### Work to complete:
Would you write out all of the entries below, exactly as they stand?

### Source material:

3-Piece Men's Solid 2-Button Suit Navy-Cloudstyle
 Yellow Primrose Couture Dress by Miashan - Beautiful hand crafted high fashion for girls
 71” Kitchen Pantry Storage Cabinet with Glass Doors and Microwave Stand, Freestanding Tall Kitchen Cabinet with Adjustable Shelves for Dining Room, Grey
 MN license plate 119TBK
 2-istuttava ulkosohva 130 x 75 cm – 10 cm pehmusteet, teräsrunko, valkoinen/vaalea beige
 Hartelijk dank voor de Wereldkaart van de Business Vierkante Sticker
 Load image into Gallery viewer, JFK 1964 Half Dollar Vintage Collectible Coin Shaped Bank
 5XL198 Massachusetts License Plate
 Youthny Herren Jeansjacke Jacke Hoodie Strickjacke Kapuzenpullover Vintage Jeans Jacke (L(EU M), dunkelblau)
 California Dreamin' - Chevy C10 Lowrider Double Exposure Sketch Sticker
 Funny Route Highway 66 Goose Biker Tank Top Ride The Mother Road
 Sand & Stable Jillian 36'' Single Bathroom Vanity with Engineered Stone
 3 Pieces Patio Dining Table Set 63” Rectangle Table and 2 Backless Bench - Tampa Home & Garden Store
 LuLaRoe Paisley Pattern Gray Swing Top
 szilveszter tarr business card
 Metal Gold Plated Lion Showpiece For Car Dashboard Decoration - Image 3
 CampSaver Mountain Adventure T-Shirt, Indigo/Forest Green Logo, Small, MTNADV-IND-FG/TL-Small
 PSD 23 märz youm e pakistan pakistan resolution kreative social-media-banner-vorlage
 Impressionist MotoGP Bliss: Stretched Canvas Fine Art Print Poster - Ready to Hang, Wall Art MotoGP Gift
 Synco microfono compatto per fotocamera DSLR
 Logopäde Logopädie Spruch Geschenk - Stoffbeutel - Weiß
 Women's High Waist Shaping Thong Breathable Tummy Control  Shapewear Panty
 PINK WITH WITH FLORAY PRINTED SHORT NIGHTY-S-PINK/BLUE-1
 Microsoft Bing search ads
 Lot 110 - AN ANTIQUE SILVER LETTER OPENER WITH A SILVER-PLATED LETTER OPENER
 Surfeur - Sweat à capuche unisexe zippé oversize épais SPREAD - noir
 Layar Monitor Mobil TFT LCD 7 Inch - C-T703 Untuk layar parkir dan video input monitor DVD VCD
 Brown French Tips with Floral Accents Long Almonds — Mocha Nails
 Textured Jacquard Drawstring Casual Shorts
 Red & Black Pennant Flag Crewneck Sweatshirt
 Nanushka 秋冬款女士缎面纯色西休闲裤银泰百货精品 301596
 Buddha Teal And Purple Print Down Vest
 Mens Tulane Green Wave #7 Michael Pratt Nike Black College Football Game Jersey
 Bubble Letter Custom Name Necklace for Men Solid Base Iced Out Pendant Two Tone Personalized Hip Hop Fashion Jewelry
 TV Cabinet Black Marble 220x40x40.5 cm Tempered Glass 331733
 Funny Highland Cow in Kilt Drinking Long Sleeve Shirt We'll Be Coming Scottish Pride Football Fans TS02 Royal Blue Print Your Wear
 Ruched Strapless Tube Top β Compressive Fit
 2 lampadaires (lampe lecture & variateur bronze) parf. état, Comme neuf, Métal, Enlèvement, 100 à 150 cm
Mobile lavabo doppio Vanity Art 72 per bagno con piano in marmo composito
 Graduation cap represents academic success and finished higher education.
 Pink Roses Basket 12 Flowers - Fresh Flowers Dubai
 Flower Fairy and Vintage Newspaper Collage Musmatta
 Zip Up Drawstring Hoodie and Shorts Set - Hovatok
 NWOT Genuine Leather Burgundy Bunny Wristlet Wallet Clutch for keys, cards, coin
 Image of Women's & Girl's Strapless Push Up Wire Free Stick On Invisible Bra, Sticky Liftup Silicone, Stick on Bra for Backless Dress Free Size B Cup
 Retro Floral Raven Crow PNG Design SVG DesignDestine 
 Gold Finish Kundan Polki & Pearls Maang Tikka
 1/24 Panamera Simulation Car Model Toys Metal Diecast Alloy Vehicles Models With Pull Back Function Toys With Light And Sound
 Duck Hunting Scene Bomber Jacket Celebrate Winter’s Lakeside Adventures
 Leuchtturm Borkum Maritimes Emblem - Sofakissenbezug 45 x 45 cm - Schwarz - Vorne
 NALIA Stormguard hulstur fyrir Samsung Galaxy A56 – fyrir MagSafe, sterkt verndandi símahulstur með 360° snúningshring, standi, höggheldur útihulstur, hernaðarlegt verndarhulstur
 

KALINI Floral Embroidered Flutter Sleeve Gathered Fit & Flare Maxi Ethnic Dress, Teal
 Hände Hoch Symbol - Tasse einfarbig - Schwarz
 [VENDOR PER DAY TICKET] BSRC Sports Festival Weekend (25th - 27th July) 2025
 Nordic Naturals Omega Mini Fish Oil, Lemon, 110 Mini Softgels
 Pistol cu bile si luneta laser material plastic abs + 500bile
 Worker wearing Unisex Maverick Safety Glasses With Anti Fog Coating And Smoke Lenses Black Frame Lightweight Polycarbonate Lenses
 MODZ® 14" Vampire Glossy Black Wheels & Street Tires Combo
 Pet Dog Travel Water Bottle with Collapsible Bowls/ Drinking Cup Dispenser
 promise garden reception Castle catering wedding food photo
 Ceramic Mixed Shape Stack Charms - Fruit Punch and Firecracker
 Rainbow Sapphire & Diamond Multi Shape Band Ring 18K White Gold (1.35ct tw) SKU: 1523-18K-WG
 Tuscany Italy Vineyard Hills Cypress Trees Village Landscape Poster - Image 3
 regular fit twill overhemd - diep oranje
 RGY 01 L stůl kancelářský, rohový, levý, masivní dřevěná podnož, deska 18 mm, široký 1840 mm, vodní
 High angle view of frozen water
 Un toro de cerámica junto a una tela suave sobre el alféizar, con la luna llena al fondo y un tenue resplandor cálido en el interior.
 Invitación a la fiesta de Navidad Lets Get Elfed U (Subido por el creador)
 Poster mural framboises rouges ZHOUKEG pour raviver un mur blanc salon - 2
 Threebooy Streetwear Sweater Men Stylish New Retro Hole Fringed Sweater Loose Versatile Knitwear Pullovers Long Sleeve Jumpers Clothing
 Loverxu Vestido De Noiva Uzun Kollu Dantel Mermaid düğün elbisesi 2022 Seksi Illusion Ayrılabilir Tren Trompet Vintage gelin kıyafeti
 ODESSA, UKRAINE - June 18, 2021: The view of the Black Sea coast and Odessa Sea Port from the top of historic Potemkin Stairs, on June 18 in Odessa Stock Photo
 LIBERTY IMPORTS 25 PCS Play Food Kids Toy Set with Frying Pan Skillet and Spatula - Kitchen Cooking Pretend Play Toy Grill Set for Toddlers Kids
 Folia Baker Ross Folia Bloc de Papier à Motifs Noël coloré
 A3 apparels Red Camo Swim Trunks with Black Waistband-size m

### Answer:
3-Piece Men's Solid 2-Button Suit Navy-Cloudstyle
 Yellow Primrose Couture Dress by Miashan - Beautiful hand crafted high fashion for girls
 71” Kitchen Pantry Storage Cabinet with Glass Doors and Microwave Stand, Freestanding Tall Kitchen Cabinet with Adjustable Shelves for Dining Room, Grey
 MN license plate 119TBK
 2-istuttava ulkosohva 130 x 75 cm – 10 cm pehmusteet, teräsrunko, valkoinen/vaalea beige
 Hartelijk dank voor de Wereldkaart van de Business Vierkante Sticker
 Load image into Gallery viewer, JFK 1964 Half Dollar Vintage Collectible Coin Shaped Bank
 5XL198 Massachusetts License Plate
 Youthny Herren Jeansjacke Jacke Hoodie Strickjacke Kapuzenpullover Vintage Jeans Jacke (L(EU M), dunkelblau)
 California Dreamin' - Chevy C10 Lowrider Double Exposure Sketch Sticker
 Funny Route Highway 66 Goose Biker Tank Top Ride The Mother Road
 Sand & Stable Jillian 36'' Single Bathroom Vanity with Engineered Stone
 3 Pieces Patio Dining Table Set 63” Rectangle Table and 2 Backless Bench - Tampa Home & Garden Store
 LuLaRoe Paisley Pattern Gray Swing Top
 szilveszter tarr business card
 Metal Gold Plated Lion Showpiece For Car Dashboard Decoration - Image 3
 CampSaver Mountain Adventure T-Shirt, Indigo/Forest Green Logo, Small, MTNADV-IND-FG/TL-Small
 PSD 23 märz youm e pakistan pakistan resolution kreative social-media-banner-vorlage
 Impressionist MotoGP Bliss: Stretched Canvas Fine Art Print Poster - Ready to Hang, Wall Art MotoGP Gift
 Synco microfono compatto per fotocamera DSLR
 Logopäde Logopädie Spruch Geschenk - Stoffbeutel - Weiß
 Women's High Waist Shaping Thong Breathable Tummy Control  Shapewear Panty
 PINK WITH WITH FLORAY PRINTED SHORT NIGHTY-S-PINK/BLUE-1
 Microsoft Bing search ads
 Lot 110 - AN ANTIQUE SILVER LETTER OPENER WITH A SILVER-PLATED LETTER OPENER
 Surfeur - Sweat à capuche unisexe zippé oversize épais SPREAD - noir
 Layar Monitor Mobil TFT LCD 7 Inch - C-T703 Untuk layar parkir dan video input monitor DVD VCD
 Brown French Tips with Floral Accents Long Almonds — Mocha Nails
 Textured Jacquard Drawstring Casual Shorts
 Red & Black Pennant Flag Crewneck Sweatshirt
 Nanushka 秋冬款女士缎面纯色西休闲裤银泰百货精品 301596
 Buddha Teal And Purple Print Down Vest
 Mens Tulane Green Wave #7 Michael Pratt Nike Black College Football Game Jersey
 Bubble Letter Custom Name Necklace for Men Solid Base Iced Out Pendant Two Tone Personalized Hip Hop Fashion Jewelry
 TV Cabinet Black Marble 220x40x40.5 cm Tempered Glass 331733
 Funny Highland Cow in Kilt Drinking Long Sleeve Shirt We'll Be Coming Scottish Pride Football Fans TS02 Royal Blue Print Your Wear
 Ruched Strapless Tube Top β Compressive Fit
 2 lampadaires (lampe lecture & variateur bronze) parf. état, Comme neuf, Métal, Enlèvement, 100 à 150 cm
Mobile lavabo doppio Vanity Art 72 per bagno con piano in marmo composito
 Graduation cap represents academic success and finished higher education.
 Pink Roses Basket 12 Flowers - Fresh Flowers Dubai
 Flower Fairy and Vintage Newspaper Collage Musmatta
 Zip Up Drawstring Hoodie and Shorts Set - Hovatok
 NWOT Genuine Leather Burgundy Bunny Wristlet Wallet Clutch for keys, cards, coin
 Image of Women's & Girl's Strapless Push Up Wire Free Stick On Invisible Bra, Sticky Liftup Silicone, Stick on Bra for Backless Dress Free Size B Cup
 Retro Floral Raven Crow PNG Design SVG DesignDestine 
 Gold Finish Kundan Polki & Pearls Maang Tikka
 1/24 Panamera Simulation Car Model Toys Metal Diecast Alloy Vehicles Models With Pull Back Function Toys With Light And Sound
 Duck Hunting Scene Bomber Jacket Celebrate Winter’s Lakeside Adventures
 Leuchtturm Borkum Maritimes Emblem - Sofakissenbezug 45 x 45 cm - Schwarz - Vorne
 NALIA Stormguard hulstur fyrir Samsung Galaxy A56 – fyrir MagSafe, sterkt verndandi símahulstur með 360° snúningshring, standi, höggheldur útihulstur, hernaðarlegt verndarhulstur
 

KALINI Floral Embroidered Flutter Sleeve Gathered Fit & Flare Maxi Ethnic Dress, Teal
 Hände Hoch Symbol - Tasse einfarbig - Schwarz
 [VENDOR PER DAY TICKET] BSRC Sports Festival Weekend (25th - 27th July) 2025
 Nordic Naturals Omega Mini Fish Oil, Lemon, 110 Mini Softgels
 Pistol cu bile si luneta laser material plastic abs + 500bile
 Worker wearing Unisex Maverick Safety Glasses With Anti Fog Coating And Smoke Lenses Black Frame Lightweight Polycarbonate Lenses
 MODZ® 14" Vampire Glossy Black Wheels & Street Tires Combo
 Pet Dog Travel Water Bottle with Collapsible Bowls/ Drinking Cup Dispenser
 promise garden reception Castle catering wedding food photo
 Ceramic Mixed Shape Stack Charms - Fruit Punch and Firecracker
 Rainbow Sapphire & Diamond Multi Shape Band Ring 18K White Gold (1.35ct tw) SKU: 1523-18K-WG
 Tuscany Italy Vineyard Hills Cypress Trees Village Landscape Poster - Image 3
 regular fit twill overhemd - diep oranje
 RGY 01 L stůl kancelářský, rohový, levý, masivní dřevěná podnož, deska 18 mm, široký 1840 mm, vodní
 High angle view of frozen water
 Un toro de cerámica junto a una tela suave sobre el alféizar, con la luna llena al fondo y un tenue resplandor cálido en el interior.
 Invitación a la fiesta de Navidad Lets Get Elfed U (Subido por el creador)
 Poster mural framboises rouges ZHOUKEG pour raviver un mur blanc salon - 2
 Threebooy Streetwear Sweater Men Stylish New Retro Hole Fringed Sweater Loose Versatile Knitwear Pullovers Long Sleeve Jumpers Clothing
 Loverxu Vestido De Noiva Uzun Kollu Dantel Mermaid düğün elbisesi 2022 Seksi Illusion Ayrılabilir Tren Trompet Vintage gelin kıyafeti
 ODESSA, UKRAINE - June 18, 2021: The view of the Black Sea coast and Odessa Sea Port from the top of historic Potemkin Stairs, on June 18 in Odessa Stock Photo
 LIBERTY IMPORTS 25 PCS Play Food Kids Toy Set with Frying Pan Skillet and Spatula - Kitchen Cooking Pretend Play Toy Grill Set for Toddlers Kids
 Folia Baker Ross Folia Bloc de Papier à Motifs Noël coloré
 A3 apparels Red Camo Swim Trunks with Black Waistband-size m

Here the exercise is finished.